BRIEF DESCRIPTION OF THE DRAWINGS

[0015] The drawings, as provided for herein, set forth exemplary embodiments of the present invention as further discussed in the detailed description which follows herein. Accordingly, the drawings are merely illustrative and clearly not intended to limit the invention as encompassed by the appended claims.

[0016] FIG. 1 is an outside frontal view of package receptacle chute disposed within a garage door.

[0017] FIG. 2 is an inside elevated perspective view of the package receptacle chute in the open position relative to the package retrieval side.

[0018] FIG. 3 is an inside angled and perspective view of the package receptacle chute in the open position relative to the package retrieval side.

[0019] FIG. 4 is an outside elevated perspective view of the package receptacle chute in the closed position relative to the package delivery side.

[0020] FIG. 5 is an inside elevated perspective view of the package receptacle chute in the closed position relative to the package retrieval side showing a stability bracket and a hinge.

[0021] FIG. 6 is a full frontal inside view of the package receptacle chute in the open position relative to the package retrieval side.

DETAILED DESCRIPTION OF THE INVENTION

[0022] The following description is made in general reference to FIGS. 1-6 and is provided herewith solely to illustrate exemplary embodiments of the present invention.

[0023] Referring to FIG. 1, the invention 10 is directed to a unitary package receptacle chute for disposition within a vertical structure such as a wall or door (e.g. a garage door). Referring to FIG. 2, receptacle chute 10 can be seen to comprise front panel 1 that connects to and extends from floor panel 3 at an obtuse angle. Floor panel 3 may also include extension lip 3a which can serve as a positional stop for chute 10 when it is opened to receive a delivery parcel. Front panel 1 and floor panel 3 are further connected to one another by two opposing side panels 5a and 5b so as to form a pivoting package repository for receiving and transferring a package from one side of the door to the other.
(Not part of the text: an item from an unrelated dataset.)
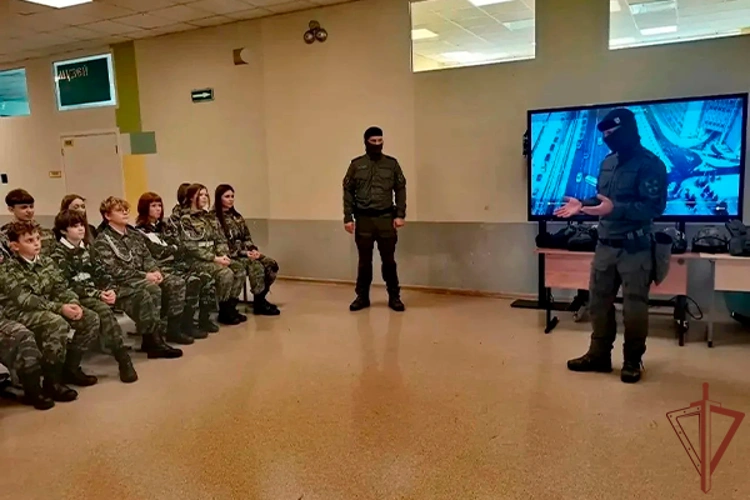 В Центральном округе Росгвардии продолжается цикл встреч с подрастающим поколением (видео)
As discussed in more detail below, it will be appreciated that the exterior appearance of front panel 1 may be aesthetically improved by affixing to it all or part of that portion of a wall or door which has been excised to create a portal in which to mount the chute.
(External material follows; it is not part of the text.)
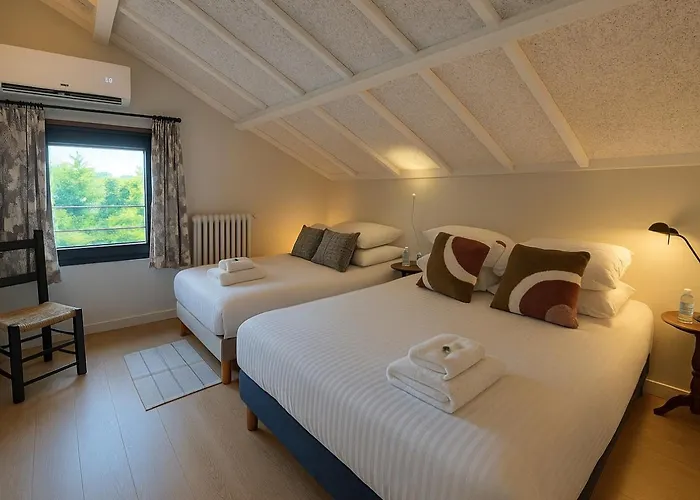 Maison Crouzande * Mazeyrat-d'Allier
[0024] Turning again to FIG. 2, each side panel, namely 5a and 5b, is formed at least by a first section, 7a and 7b, respectively, that is foldably connected to front panel 1, and a second section, 9a and 9b, respectively, that is foldably connected to the floor panel 3. The first and the second sections of side panels 5a and 5b are capable of being affixed to one another at interfaces 8a and 8b, respectively, by way of attachment means 11a and 11b, respectively, to render the resulting side panels 5a and 5b as a substantially planar and contiguous sidewall. It will be appreciated by the artisan of ordinary skill that the term contiguous or substantially contiguous, as used herein, shall not preclude any overlapping of sections 7a and 9a or sections 7b or 9b since a reasonable amount of overlap will be obviously necessary so as to affix the sections to one another using attachment means 11a and 11b, respectively. Additionally, ordinary artisan will further appreciate that the upper edges of side panels 5a and 5b may be preferably rounded so as to include a convex radial shape X as shown in FIG. 3 which imparts the maximum height to the side panels while still being sized to afford adequate clearance for movement of the chute between an open position for receiving packages and the closed position.
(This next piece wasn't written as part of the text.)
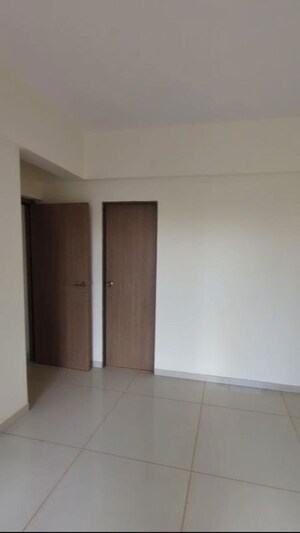 Room in 1 BHK Apartment at Godrej Nest Kandivali, Kandivali East – for Rent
[0025] In the event that receptacle chute 10 is to be disposed within an aluminum garage door, for example, the exterior surface of front panel 1 that faces outside may preferably include that portion of the garage door that has been excised to create a portal in the door for positioning the chute. Once excised from the door, the cut-out aluminum panel may then be affixed to front panel 1 of chute 10. Importantly, the panel area to be excised must be selected so as to clear any horizontal and vertical supporting framework present and adjoined to the interior surface of the garage door as well as any garage door locking mechanisms. Additionally, front panel 1 may optionally include a lip to serve as a positional stop which can be included at the time of fabrication or as an add-on strip such as the edge protective stripping discussed below.

[0026] Most standard garage doors have similar dimensions and configurations for this framework, especially as between doors designed by the same manufacturer. Accordingly, it is contemplated that the chute of the present invention may be fabricated with variances in panel sizes to accommodate different garage doors or other vertical structures where the chute is to be installed so as to be compatible with the existing framework.

[0027] Turning briefly to FIG. 4, front panel 1 may further comprise handle 13 attached thereto by any suitable handle attachment means 15, such as nuts and bolts. Also, the chute panels may be preferably trimmed with RF-KP aluminum channel stripping to cover any sharp edges and to further facilitate a flush closure against the garage door.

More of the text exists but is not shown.